→ Excerpted records
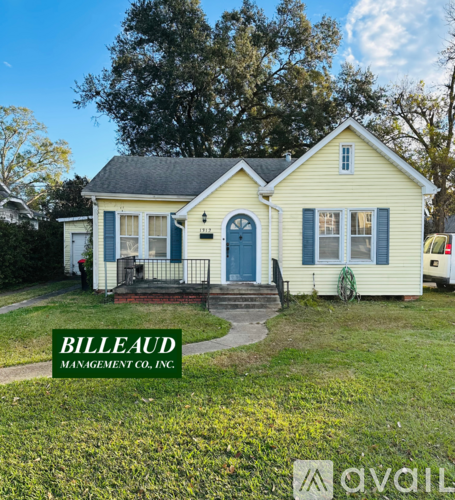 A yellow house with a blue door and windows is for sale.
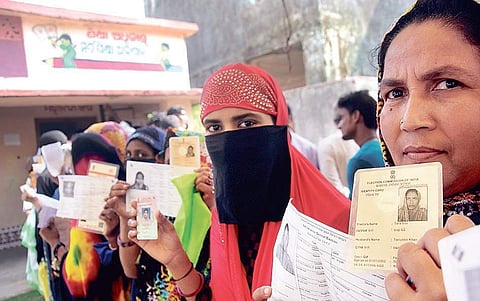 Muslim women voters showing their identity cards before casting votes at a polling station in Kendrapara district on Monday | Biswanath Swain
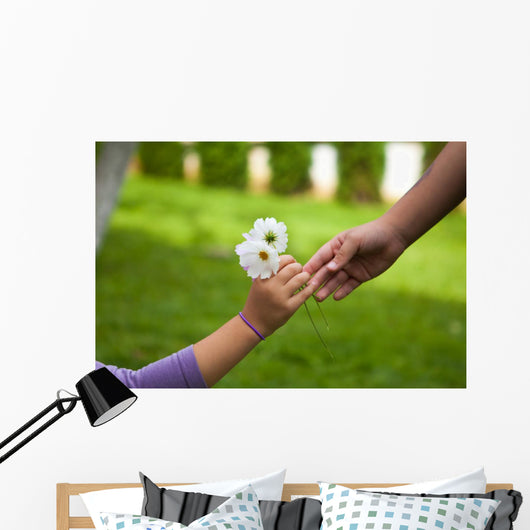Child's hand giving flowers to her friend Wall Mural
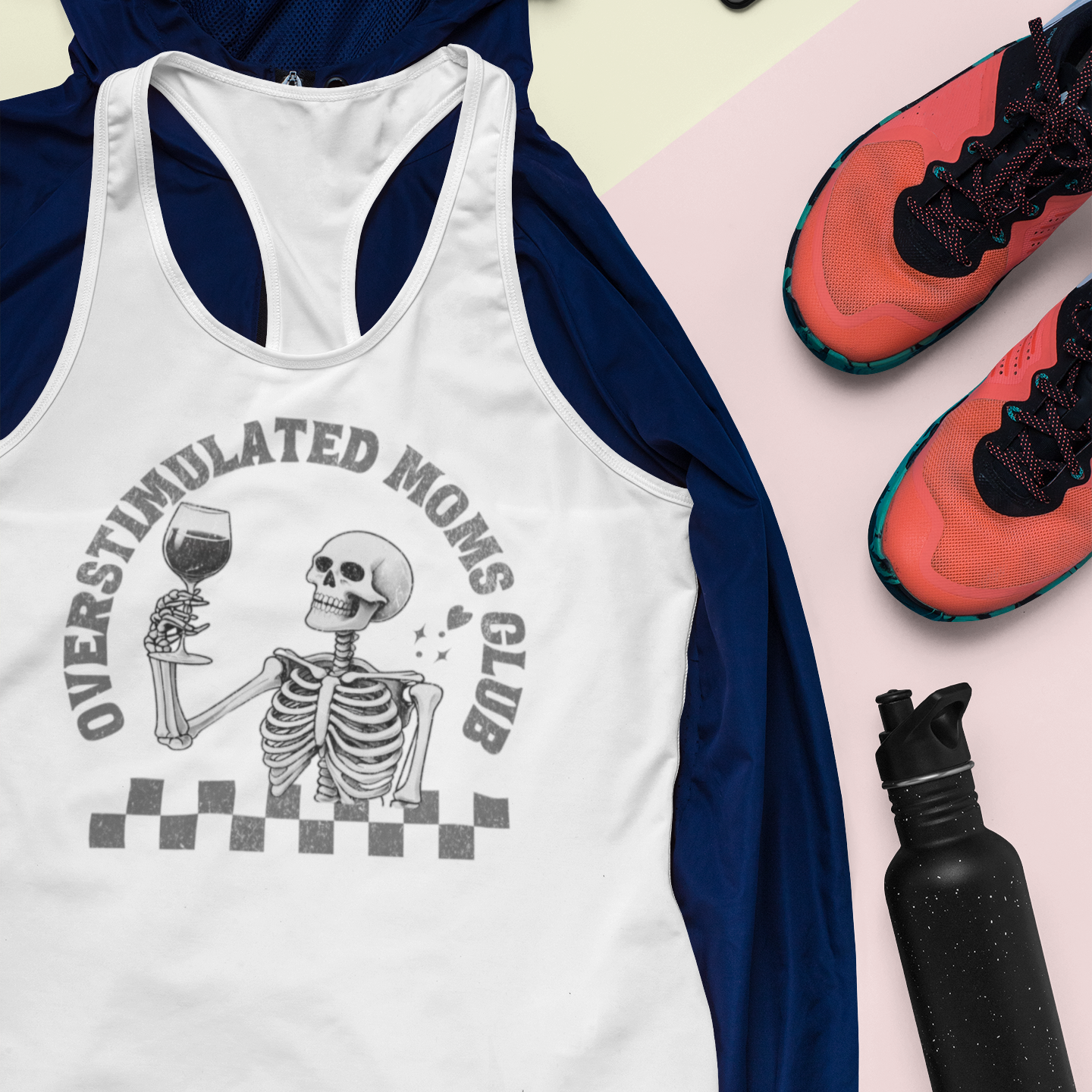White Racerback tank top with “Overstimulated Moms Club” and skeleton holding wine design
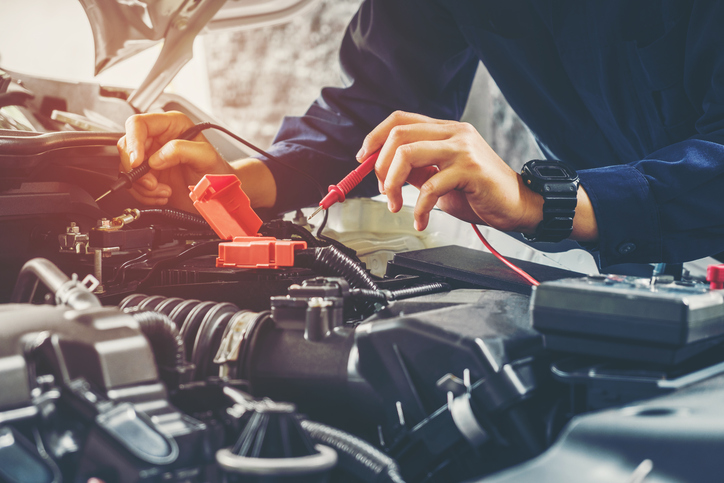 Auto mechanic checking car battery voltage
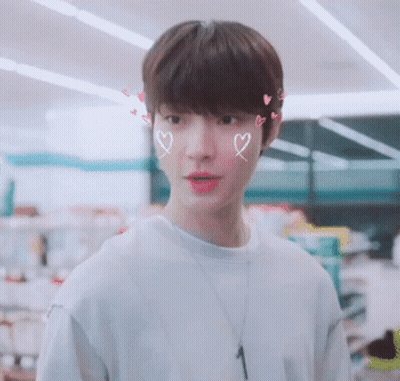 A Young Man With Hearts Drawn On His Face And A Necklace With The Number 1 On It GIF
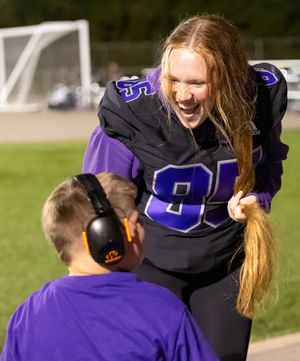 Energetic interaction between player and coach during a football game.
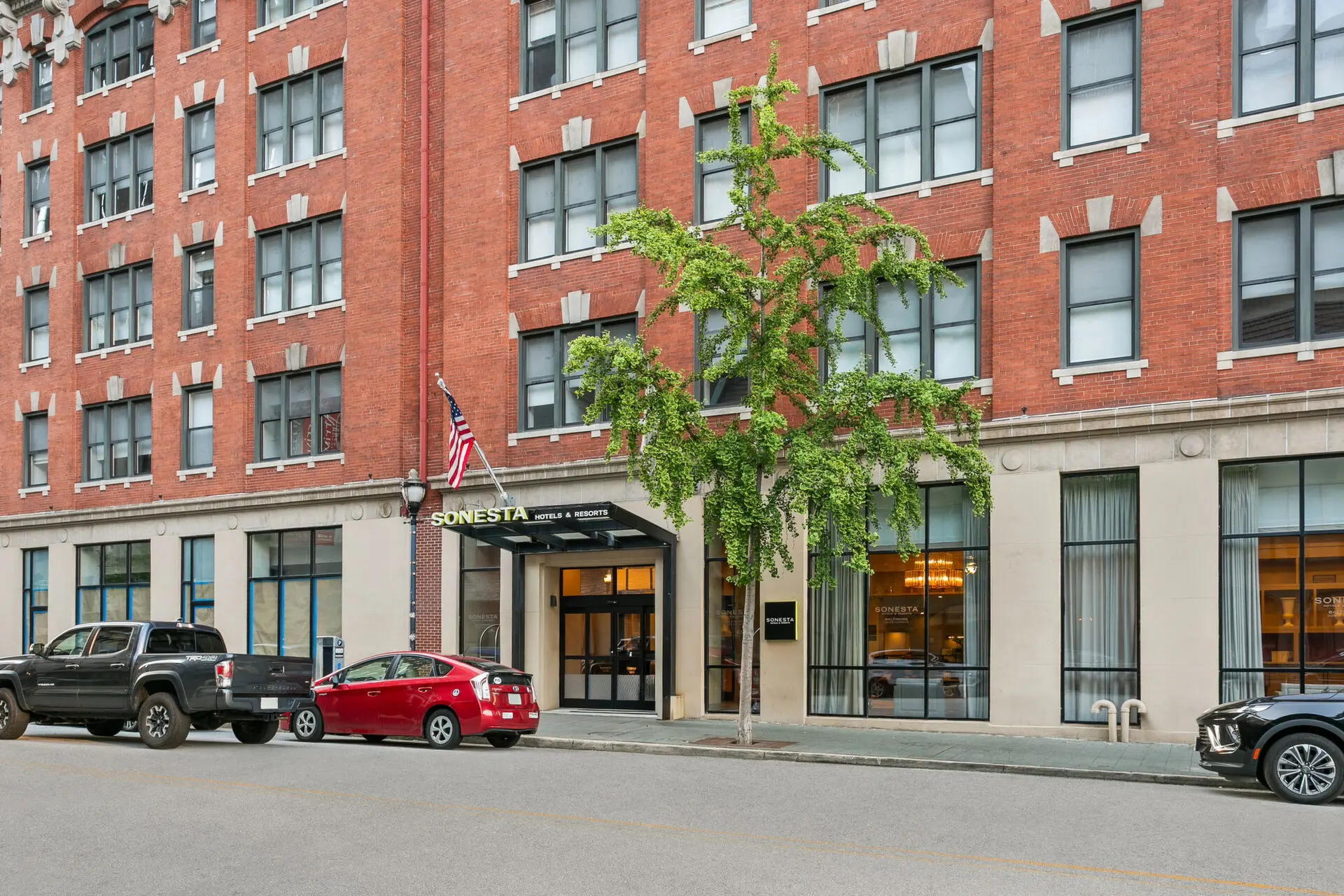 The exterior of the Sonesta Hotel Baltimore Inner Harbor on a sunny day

→ What the task asks
Only the entries themselves should be output, word for word, with all pictures omitted.

→ Problem solution
 A yellow house with a blue door and windows is for sale.
 Muslim women voters showing their identity cards before casting votes at a polling station in Kendrapara district on Monday | Biswanath Swain
Child's hand giving flowers to her friend Wall Mural
White Racerback tank top with “Overstimulated Moms Club” and skeleton holding wine design
 Auto mechanic checking car battery voltage
 A Young Man With Hearts Drawn On His Face And A Necklace With The Number 1 On It GIF
 Energetic interaction between player and coach during a football game.
 The exterior of the Sonesta Hotel Baltimore Inner Harbor on a sunny day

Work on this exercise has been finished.